Many security experts believe that the program was developed in China as an expression of anger over the international dispute concerning a downed U.S. spy
plane in that country. Once the worm was detected, a quick tweak to the numeric online address for the whitehouse.gov
site prevented disruption.The creation of programs like Code Red moves online
political activism - and the global nature of rogue software - to the forefront, said Roger Thompson, the director
of malicious code research at TruSecure, a computer security company. Instead of doing it to be jerks and show
off to their buddies, they're doing it to make a statement, he said.

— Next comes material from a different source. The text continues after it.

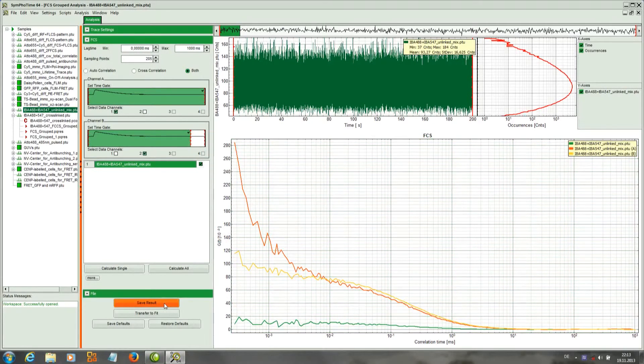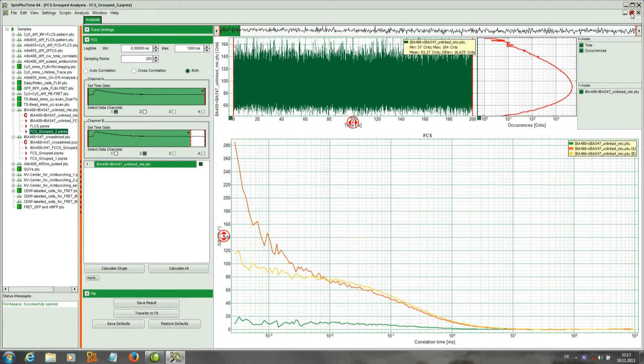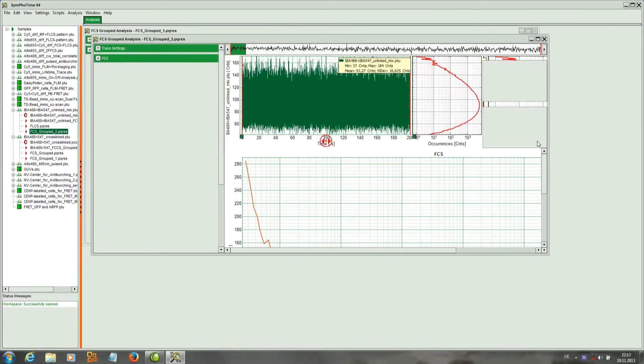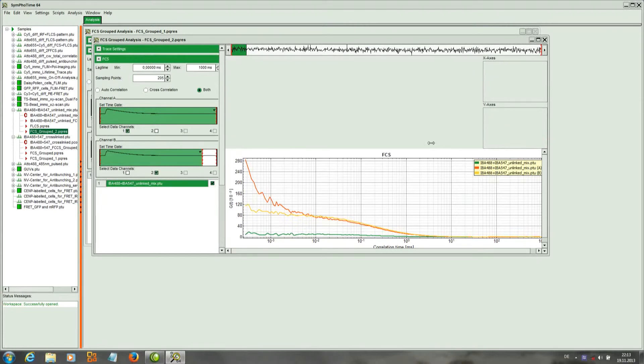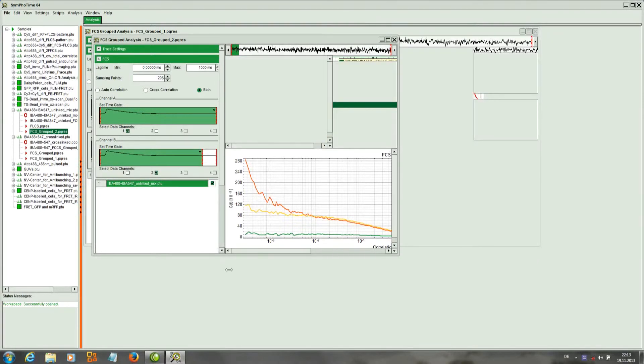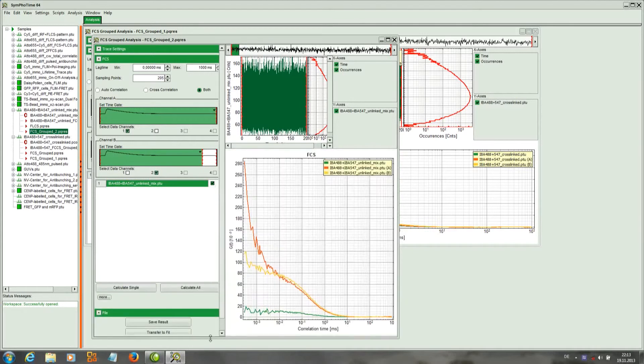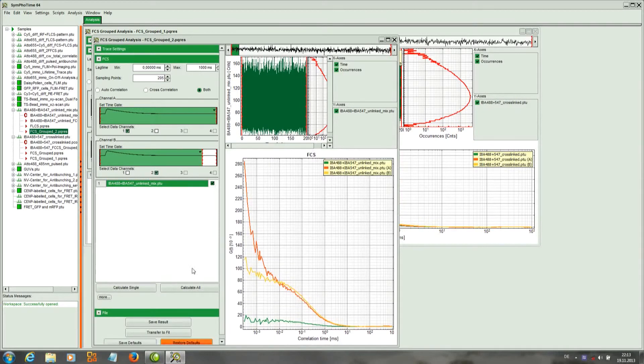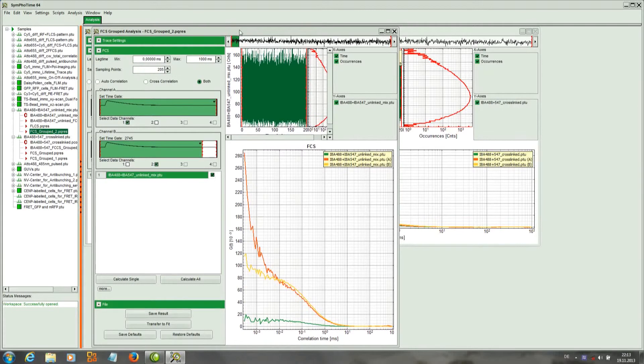We save the result and generate a result file. Now what I want to do is compare two files and put them side by side so that you can see the effect of the cross correlation relative to the autocorrelations for a linked and unlinked sample.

Still, there are as many motivations as there were coders. Dan Verton, a computer journalist and author of The Hacker
Diaries/Confessions of Teenage Hackers,said that virus writers around the world do not fit any one stereotype.
Seth Pack, a former virus writer who lives in Spartanburg, South Carolina, and works in the computer security field,
said he stopped writing destructive programs after a visit from law enforcement agents when he was 14. He said he had
a hidden agenda in writing viruses as a teenager to acquire fame in the underworld.
Still other virus creators say that they are blending computer science and art. A Spanish programmer who goes by the
online name Jtag said by e-mail that he finds in viruses some kind of 'artistic' beauty (because I
have a very very artistic thoughts, i was musician).
Chris Wraight, a technology consultant with Sophos, a security company, said a more apt comparison is with a sprayer of graffiti. Instead of defacing
a wall, he said, they spread a message that could potentially reach millions of computers. Little wonder, then, that he
expects the trend toward political hactivism to continue. The whole notion of trying to use the world
stage for political views is going to grow over time, he said.
And the attacks will grow more potent, predicted Vatis, who was the first director of the National Infrastructure Protection Center in
the Federal Bureau of Investigation. He noted that the U.S. military, with the blessing of the Bush administration, has
recently begun preparing weapons for waging cyberwar.